#### To do
Return all the entries exactly, keeping pictures out.

[[ The data, beginning ]]

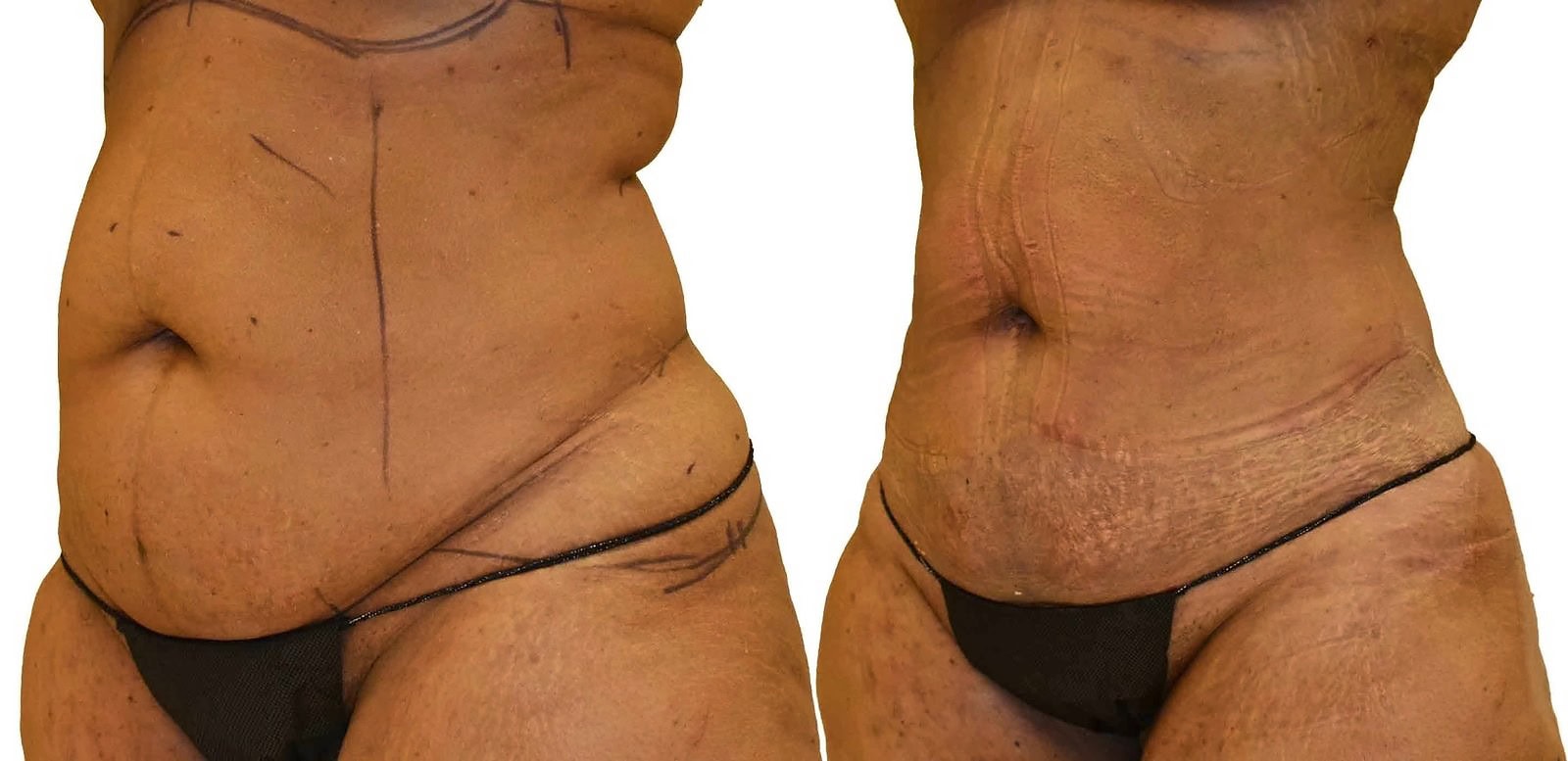 Lipo 360 before and after, actual patient of Dr. Long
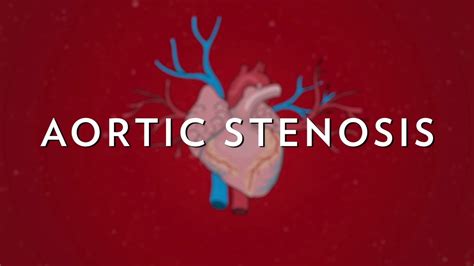 Aortic Stenosis In Seniors Explained Youtube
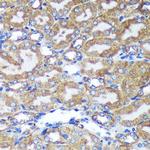 HEBP2 Antibody in Immunohistochemistry (Paraffin) (IHC (P))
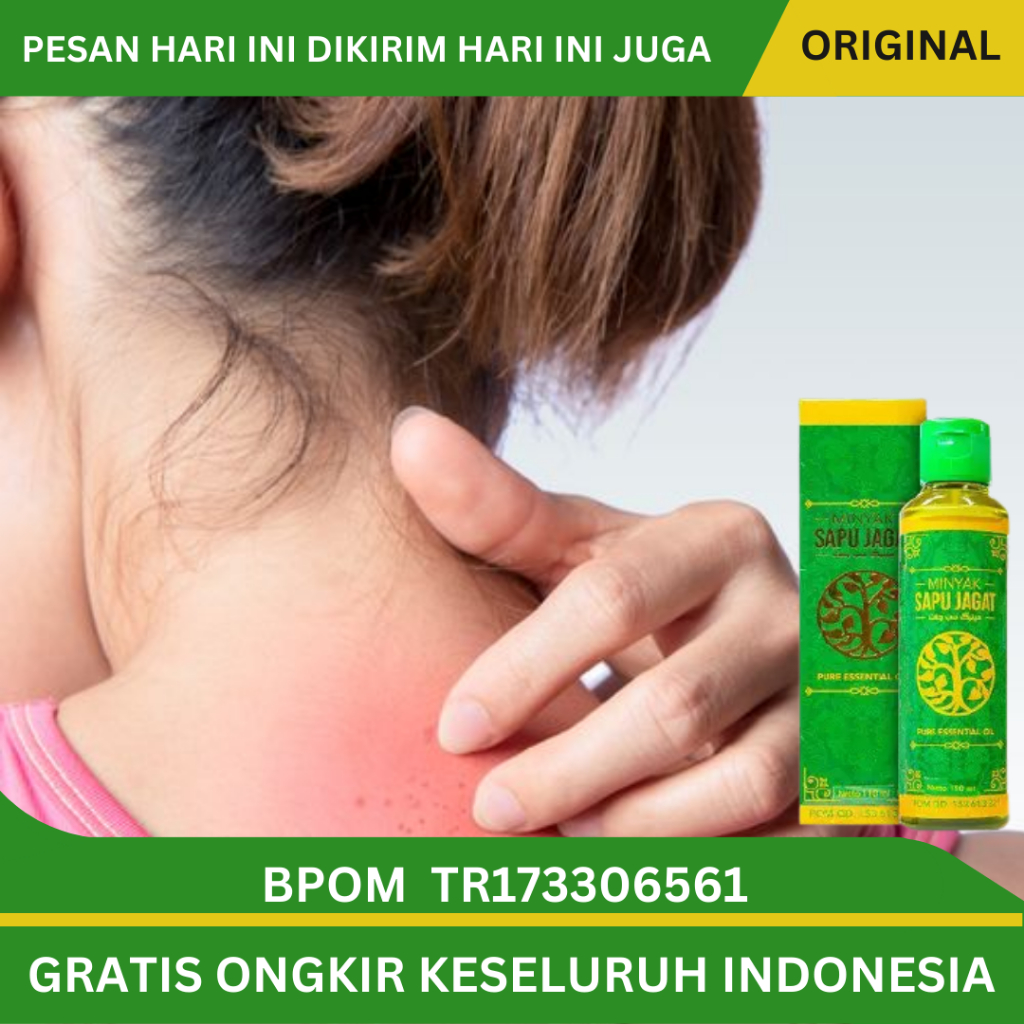 Jual Obat Biang Keringat Obat Gatal Gatal Obat Gatal Biang Keringat Obat Miliaria Rubra Obat 7858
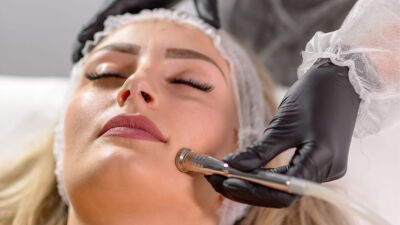 Dermato-Estetică non-invazivă - Microdermabraziune facială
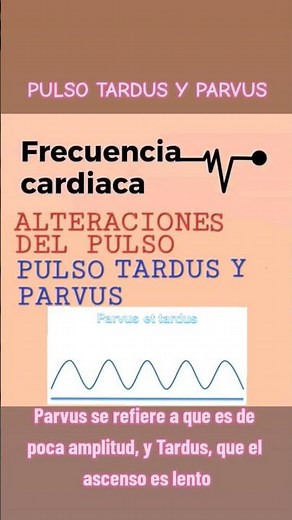 Pulso Tardus y PULSO Parvus #viral #video #medicine #pulso #tardus #parvus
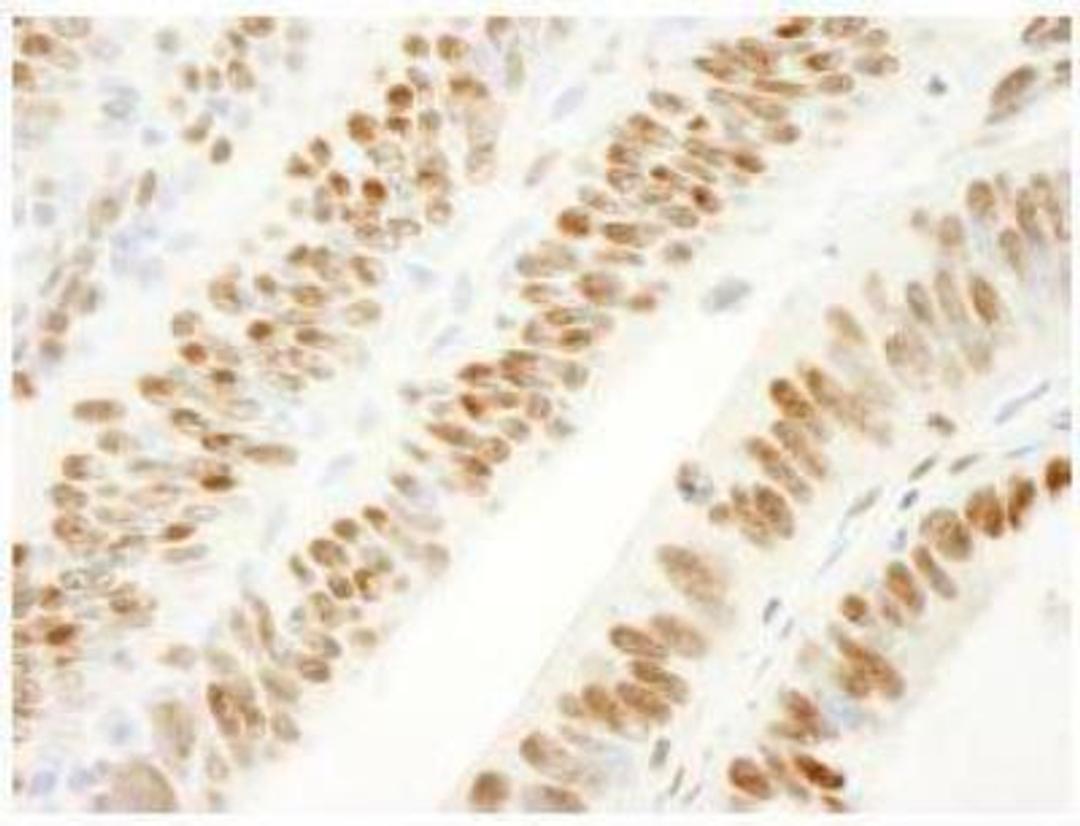 Immunohistochemistry-Paraffin: SAM68 Antibody [NBP1-19151] - Detection of Human SAM68 by Immunohistochemistry. Sample: FFPE section of human colon carcinoma. Antibody: Affinity purified rabbit anti-SAM68 used at a dilution of 1:250. Detection: DAB staining using Immunohistochemistry Accessory Kit.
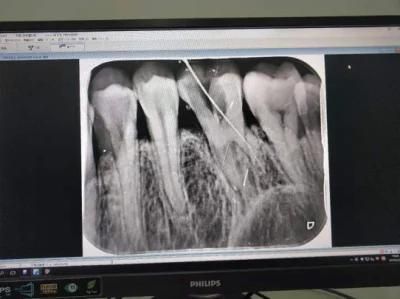 60kv Handheld Dental X-ray Machine Best Dental Equipment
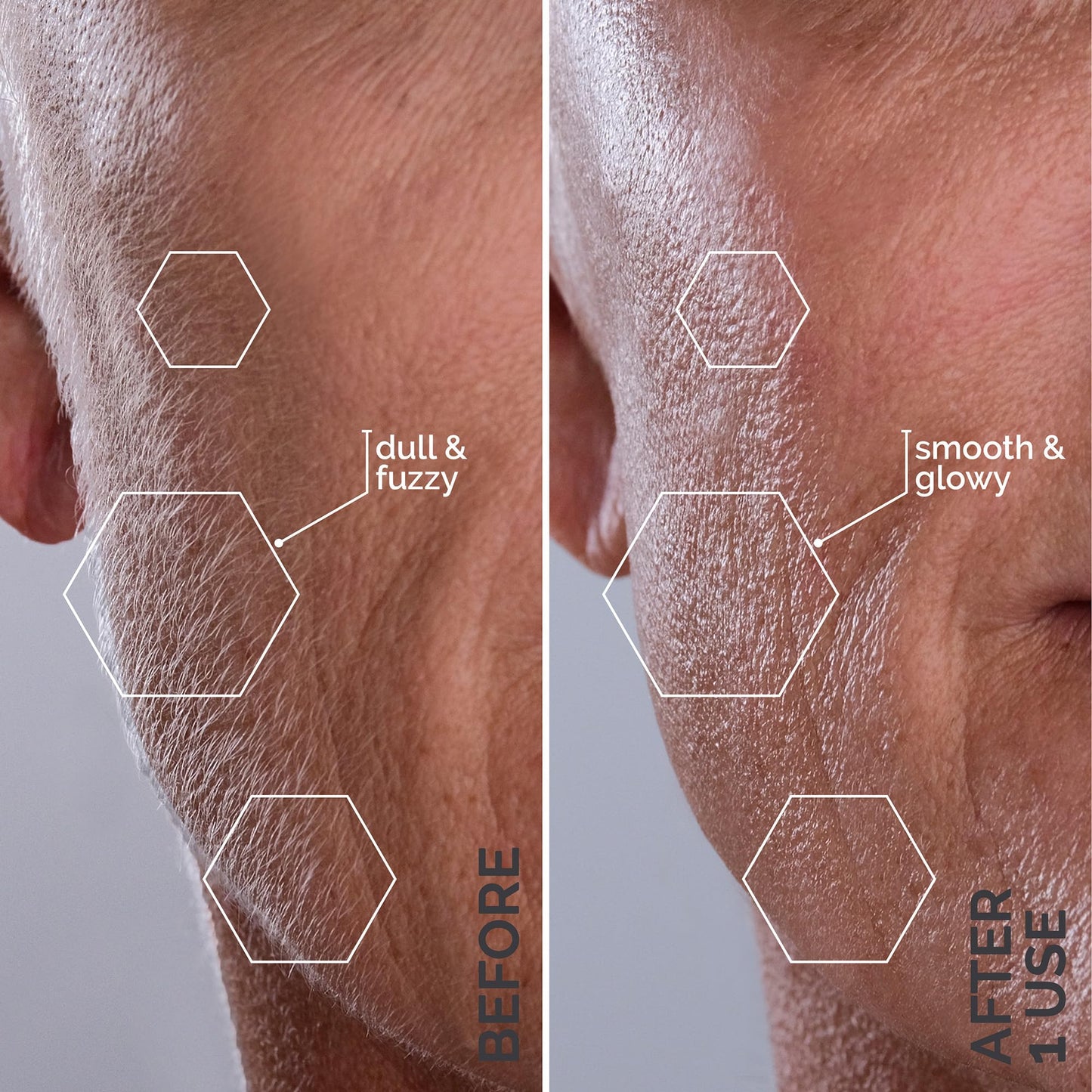 Michael Todd Beauty Sonicsmooth – Sonic Dermaplaning Tool for Women, 2-in-1 Facial Exfoliation & Peach Fuzz Remover with 8 Weeks Blades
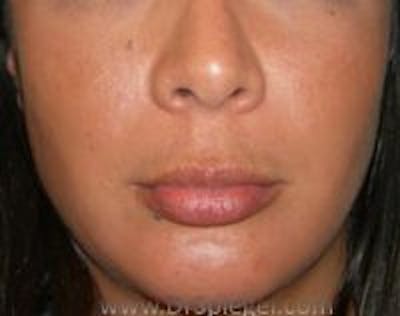 Lip Lift Before & After Gallery - Patient 157140207 - Image 1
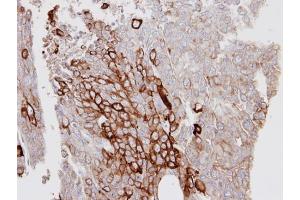 IHC-P Image Immunohistochemical analysis of paraffin-embedded D54MG xenograft, using KRT6A, antibody at 1:100 dilution. (KRT6A 抗体)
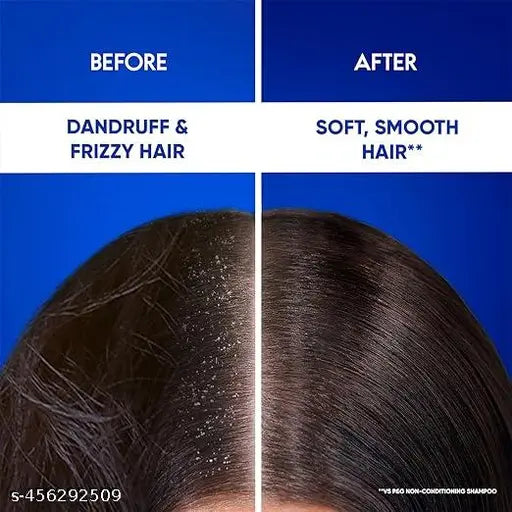 HEAD & SHOULDERS 2 in 1  Anti-Dandruff Shampoo + Conditioner With Almond Milk Anti-Hairfall  650 ml Head & Shoulder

[[ The data, end ]]

#### Expected answer
 Lipo 360 before and after, actual patient of Dr. Long
 Aortic Stenosis In Seniors Explained Youtube
 HEBP2 Antibody in Immunohistochemistry (Paraffin) (IHC (P))
 Jual Obat Biang Keringat Obat Gatal Gatal Obat Gatal Biang Keringat Obat Miliaria Rubra Obat 7858
 Dermato-Estetică non-invazivă - Microdermabraziune facială
 Pulso Tardus y PULSO Parvus #viral #video #medicine #pulso #tardus #parvus
 Immunohistochemistry-Paraffin: SAM68 Antibody [NBP1-19151] - Detection of Human SAM68 by Immunohistochemistry. Sample: FFPE section of human colon carcinoma. Antibody: Affinity purified rabbit anti-SAM68 used at a dilution of 1:250. Detection: DAB staining using Immunohistochemistry Accessory Kit.
 60kv Handheld Dental X-ray Machine Best Dental Equipment
 Michael Todd Beauty Sonicsmooth – Sonic Dermaplaning Tool for Women, 2-in-1 Facial Exfoliation & Peach Fuzz Remover with 8 Weeks Blades
 Lip Lift Before & After Gallery - Patient 157140207 - Image 1
 IHC-P Image Immunohistochemical analysis of paraffin-embedded D54MG xenograft, using KRT6A, antibody at 1:100 dilution. (KRT6A 抗体)
 HEAD & SHOULDERS 2 in 1  Anti-Dandruff Shampoo + Conditioner With Almond Milk Anti-Hairfall  650 ml Head & Shoulder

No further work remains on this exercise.